Deported student refuses flight back to US following threat of second deportation


FILE PHOTO: Babson College student Any Lucia Lopez Belloza poses wearing a mortarboard after graduating from high school in Boston, Massachusetts, U.S., in 2025. massdeportationdefense.org/Handout via REUTERS /File Photo

BOSTON, Feb 27 (Reuters) - The Trump ⁠administration scheduled a Friday flight to bring a deported college student back from Honduras after a judge ordered ⁠her return, but she declined to board the plane after U.S. authorities said they may detain and ‌deport her again.

Any Lucia Lopez Belloza, a freshman at Babson College in Massachusetts, had been deported to a country she left when she was 8, after being detained at Boston's Logan International Airport while traveling to spend Thanksgiving with her family in Texas.

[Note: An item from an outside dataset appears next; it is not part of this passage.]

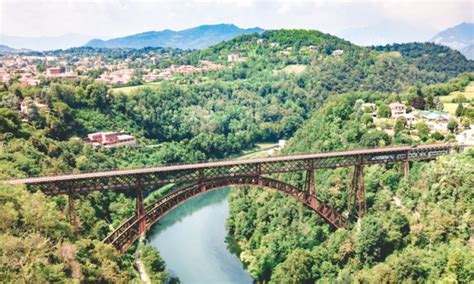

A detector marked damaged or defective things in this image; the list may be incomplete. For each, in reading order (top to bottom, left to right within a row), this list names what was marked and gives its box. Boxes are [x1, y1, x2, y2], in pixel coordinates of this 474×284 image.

rusty metal structure [7, 144, 452, 253]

The 20-year-old was flown to Honduras on ​November 22 despite a Massachusetts judge's order the prior day barring her ⁠from being deported or transferred out of the ⁠state for 72 hours. A government lawyer later apologized for what he called a "mistake."

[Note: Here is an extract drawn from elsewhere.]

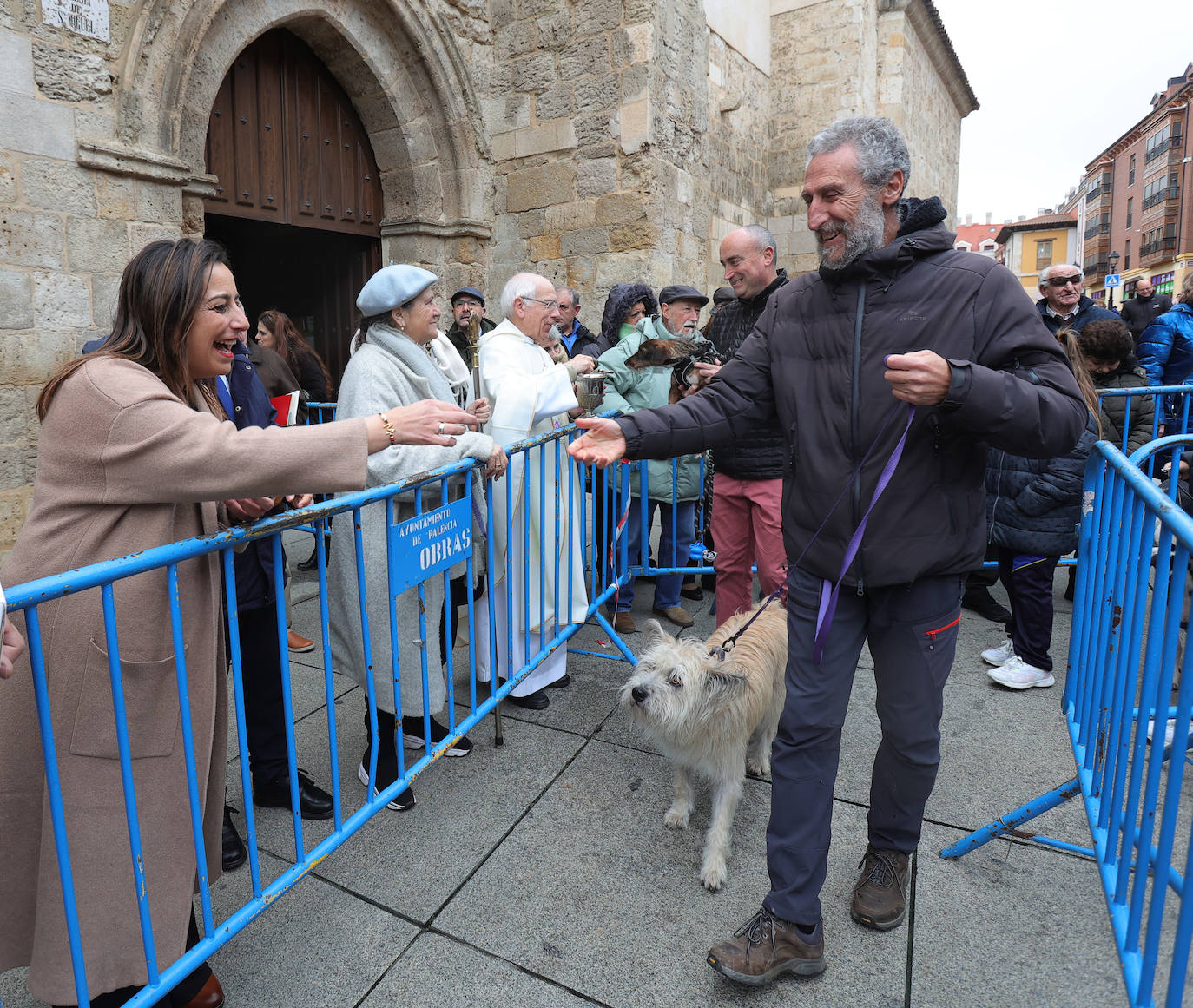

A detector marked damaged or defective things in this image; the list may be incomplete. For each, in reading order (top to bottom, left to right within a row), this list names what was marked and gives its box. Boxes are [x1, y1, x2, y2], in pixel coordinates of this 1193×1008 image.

rusty blue barricade [2, 419, 634, 1002]
rusty blue barricade [939, 434, 1193, 1006]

Boston-based U.S. District Judge Richard Stearns on ⁠February ‌13 ordered President Donald Trump's administration to rectify the error it made during its immigration crackdown by Friday by facilitating her return.

Lopez Belloza told reporters she had been excited to learn on Thursday the administration had arranged ⁠for a flight to take her home.

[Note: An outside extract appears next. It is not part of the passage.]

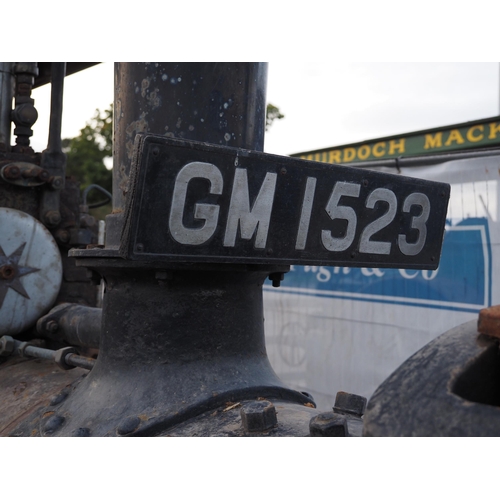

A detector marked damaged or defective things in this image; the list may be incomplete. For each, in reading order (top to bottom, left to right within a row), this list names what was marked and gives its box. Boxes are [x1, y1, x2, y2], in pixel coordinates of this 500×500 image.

rusty metal surface [0, 358, 86, 436]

"Hours later, that excitement turned into ​a nightmare," Lopez Belloza said.

She said ‌a U.S. Immigration and Customs Enforcement officer misled her by repeatedly telling her on Thursday that if she ⁠boarded the plane, she ​would be released upon landing in the United States.

"I believed him for a second," she said. "I pictured stepping off of the plane and finally being free."

Yet in court filings on Thursday afternoon, the administration said it planned to move to deport her again once she ⁠arrived. It said it had the authority to detain her if ​she took the ICE flight from Honduras to Texas because she was already subject to a final order of removal, which was issued when she was 11.

"I won't mince words," Lopez Belloza said during a virtual press conference."I am angry. I am sad."

Todd ⁠Pomerleau, Lopez Belloza's lawyer, accused the administration of "gamesmanship" and vowed to continue her legal fight.

"I'm not stopping until she's back here, but she's not coming back in handcuffs," he said.

In a court filing later on Friday, the administration said Lopez Belloza failed to appear for a pre-arranged meeting to assist with her departure and did not board the scheduled flight after ​previously agreeing to come to an airport in San Pedro Sula, Honduras.

A spokesperson for ⁠U.S. Attorney Leah Foley, whose office has been fighting Lopez Belloza's legal challenge, in a statement said the ICE-arranged flight was ​intended to restore the "status quo."

"The status quo that existed prior to her ‌removal was that she was subject to a final order ​of removal and as the government argued throughout this case, ICE has statutory authority to detain an individual to effectuate such removal," the spokesperson, Christina Sterling, said.